Stored data:
[Start of section]
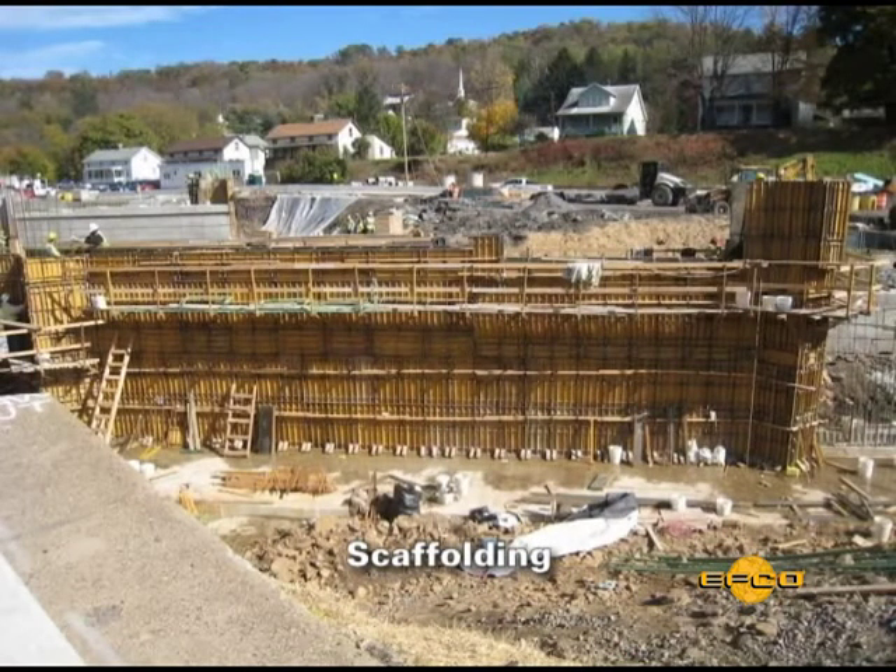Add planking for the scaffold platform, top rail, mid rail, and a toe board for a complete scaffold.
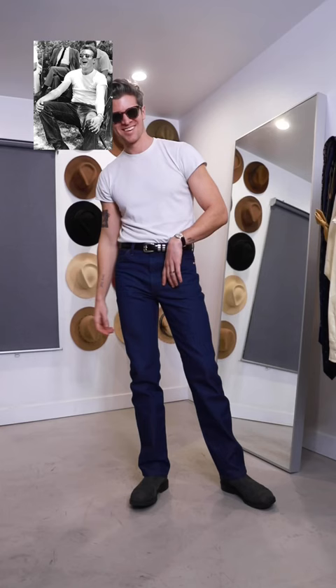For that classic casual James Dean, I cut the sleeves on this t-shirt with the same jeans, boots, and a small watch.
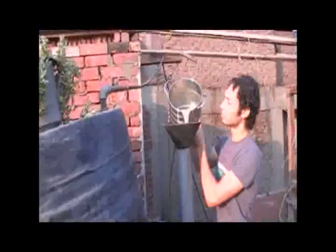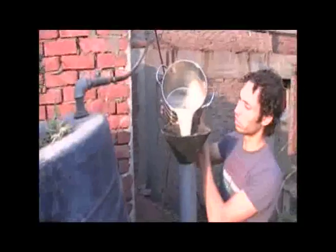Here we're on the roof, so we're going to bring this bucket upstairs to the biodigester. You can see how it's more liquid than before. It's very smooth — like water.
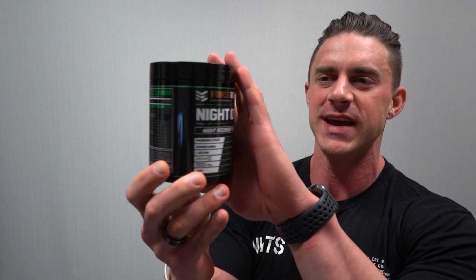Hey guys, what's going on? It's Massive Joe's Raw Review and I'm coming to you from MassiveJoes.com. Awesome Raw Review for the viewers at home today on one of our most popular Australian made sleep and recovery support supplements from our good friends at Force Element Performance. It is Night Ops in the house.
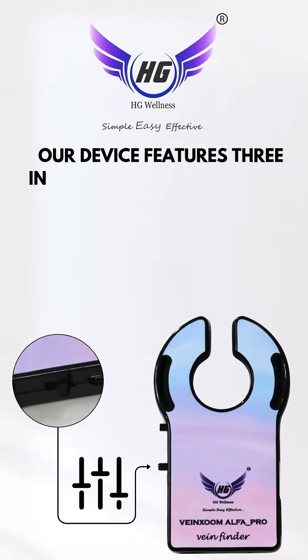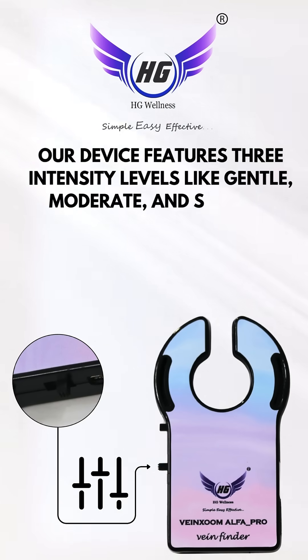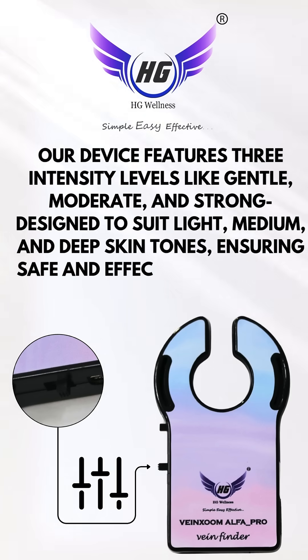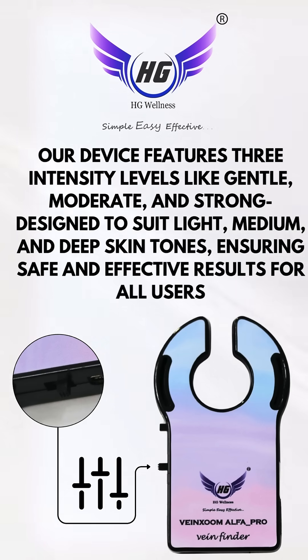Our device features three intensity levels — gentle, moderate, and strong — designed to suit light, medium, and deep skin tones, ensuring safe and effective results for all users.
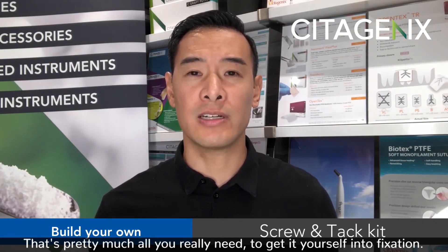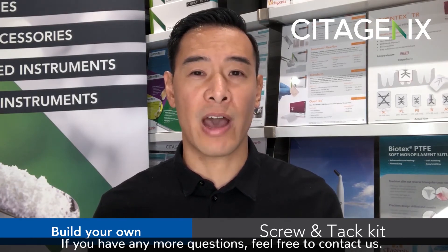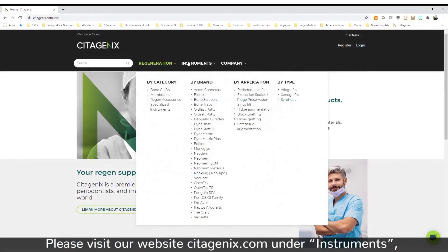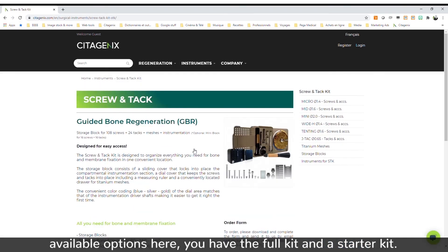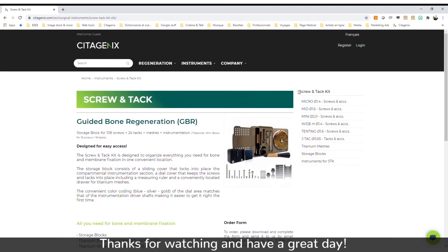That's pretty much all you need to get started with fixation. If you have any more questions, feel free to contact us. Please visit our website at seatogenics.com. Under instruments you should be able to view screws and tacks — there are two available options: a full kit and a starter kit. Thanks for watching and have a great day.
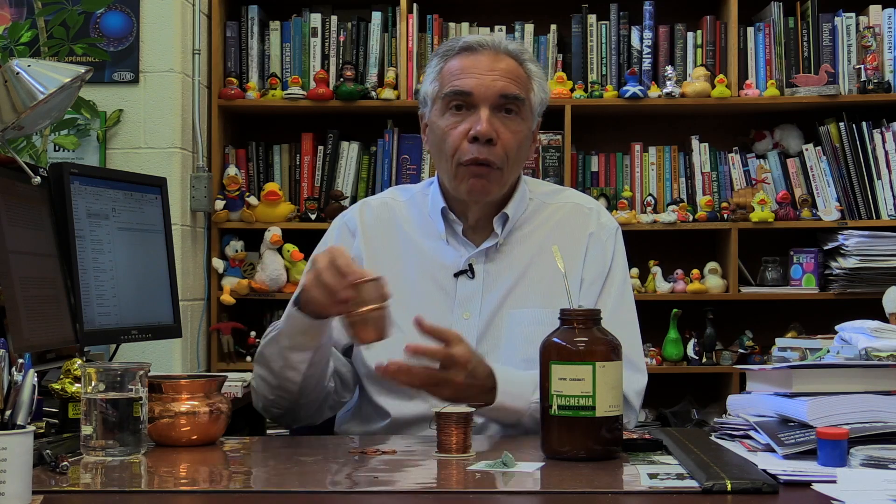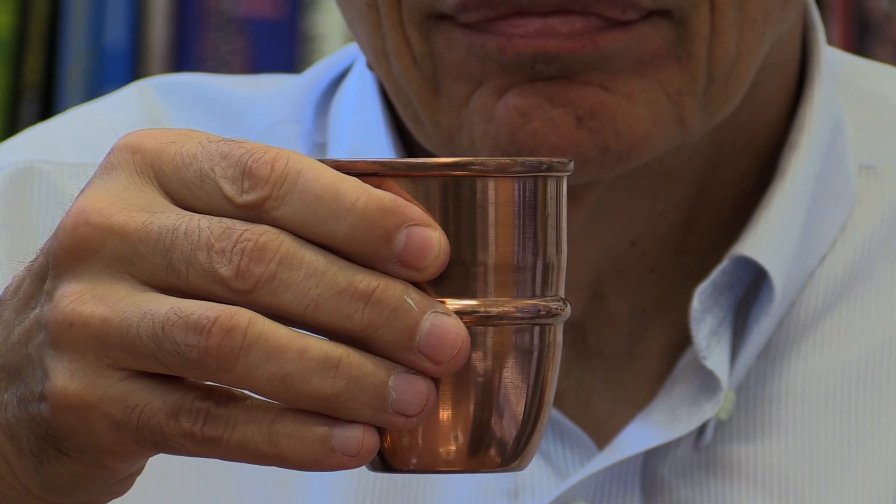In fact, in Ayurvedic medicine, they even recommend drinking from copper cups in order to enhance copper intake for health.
[End of section]
What the task asks: Repeat, exactly and with no pictures, each line from the line that holds "That's pretty much" through the last line of the records above.

Output of the task:
That's pretty much all you need to get started with fixation. If you have any more questions, feel free to contact us. Please visit our website at seatogenics.com. Under instruments you should be able to view screws and tacks — there are two available options: a full kit and a starter kit. Thanks for watching and have a great day.
In fact, in Ayurvedic medicine, they even recommend drinking from copper cups in order to enhance copper intake for health.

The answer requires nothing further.